You’re now equipped to work with JupyterHub from your desktop. Just keep an eye out for quirks and bugs, and you’ll be fine!

Running locally

Local Installation

You can install the minimal jupyter environment to run the course notebooks locally on your computer.

First, ensure you have the following prerequisites installed:

  1. Conda: You have some options on which distribution to install on what platform. Miniforge is recommended as we mainly use packages from conda-forge.
  2. Git and Make: These can be installed in a terminal by the following command after activating the base Conda environment:
    conda install git make

To install the jupyter environment for the course:

  1. Git clone the cs1302nb repository:
git clone https://github.com/dive4dec/cs1302nb.git
cd cs1302nb
  1. Run the make command to create/update the conda environment cs1302nb:
make install

To use the environment, activate it with:

conda activate cs1302nb

Once activated, you can start JupyterLab under a working directory of your choice:

jupyter lab

If the installation was successful, the following message will appear but with a different token:

1
2
3
4
5
6
...
    To access the server, open this file in a browser:
        file:///home/jovyan/.local/share/jupyter/runtime/jpserver-7-open.html
    Or copy and paste one of these URLs:
        http://2d94aee27406:8888/lab?token=afe3d84a4cadff3fe397640f651de4805471e7b19d1d6f1e
        http://127.0.0.1:8888/lab?token=afe3d84a4cadff3fe397640f651de4805471e7b19d1d6f1e

Copy and paste the last URL into your web browser to access the JupyterLab.

To access the course notebooks, open a new terminal within the JupyterLab interface and run the following command:

gitpuller https://github.com/dive4dec/cs1302_25a main cs1302_25a

This command will:

  • Pull the main branch of the GitHub repository dive4dec/cs1302_25a.
  • Clone it into the subfolder cs1302_25a under your working directory.

Docker container

A docker container is like a lightweight, standalone, and executable package that includes everything needed to run a piece of software, including the Jupyter server used for our course. If you know about virtual machines, you may think of a docker container as a separate virtual machine running on your host machine, but with much less overhead.

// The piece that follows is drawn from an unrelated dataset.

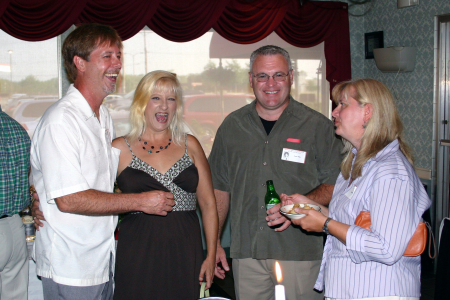 Tom, Paulette, Chuck and wife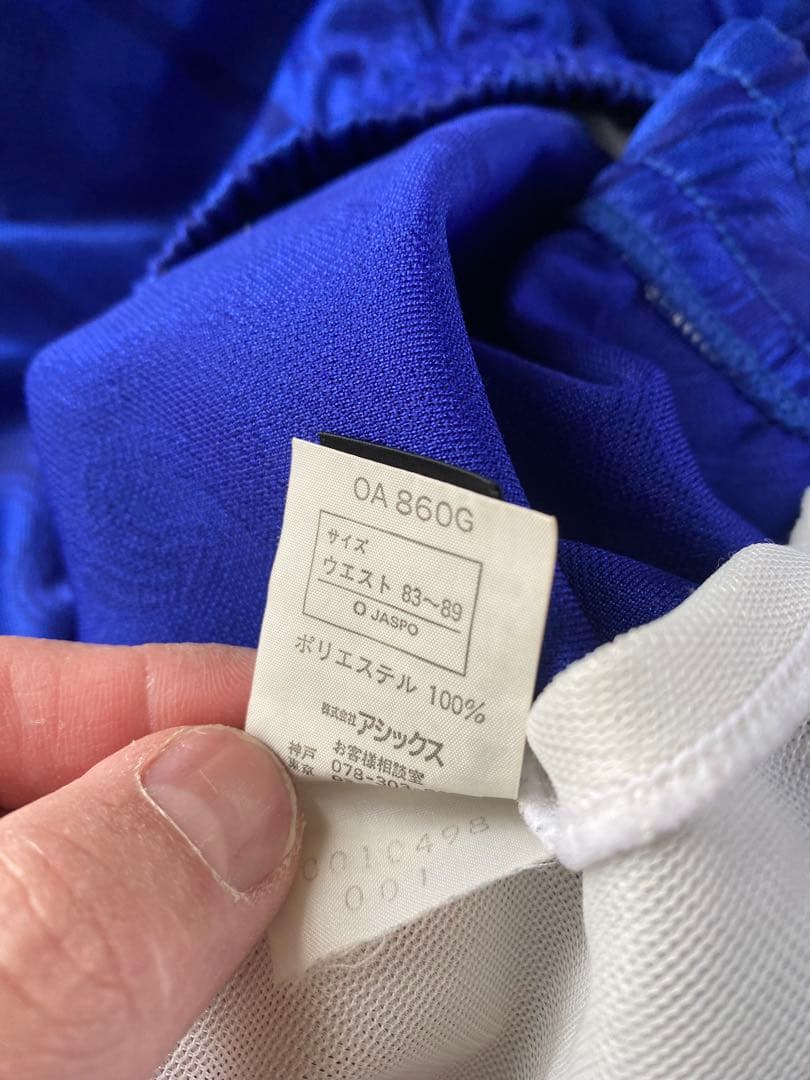 asics　サッカー日本代表　炎モデル ハーフパンツ 1998 フランスW杯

Indeed, you can also build and run the Jupyter server locally in your computer by installing Docker as follows.

  1. To install docker:
    • For macOS, install Orbstack, which is faster than the alternative below.
    • For Windows/Linux:
    • Once installation is complete, open Orbstack or Docker Desktop and ensure it is running.
  1. For Windows WSL2 and Linux on amd64, open a terminal and run the following command to pull the Docker image:

    docker pull chungc/cs1302nb
  1. To run the Docker Container:
    • Navigate to your working directory (e.g., cs1302_home) where you want to map to the home directory of the docker container:

      cd /part/to/cs1302_home
    • Run the Docker container with the following command:

      docker run -it --rm \
        -p 8888:8888 \
        -v $(pwd):/home/jovyan/ \
        chungc/cs1302nb \
        start-notebook.sh \
        --IdentityProvider.token=''
    • If successful, you can follow similar steps in Local Installation to fetch the course notebooks using gitpuller.

Footnotes
  1. The AI chat panel button looks identical to that for collaboration, as both use the jupyterlab-chat interface.

  2. To download or run a new Ollama model, you need to set the directory to ~/.ollama or any directory you have write access to. To use the model in JupyterNaut, select the Completion model as Ollama :: * and specify the model id. Avoid downloading very big models with over 30b parameters, as those cannot run on the current GPU without quantization.

  3. See the documentation for more details on managing conda environment.

  4. See the documentation for more details on creating kernels for conda environments.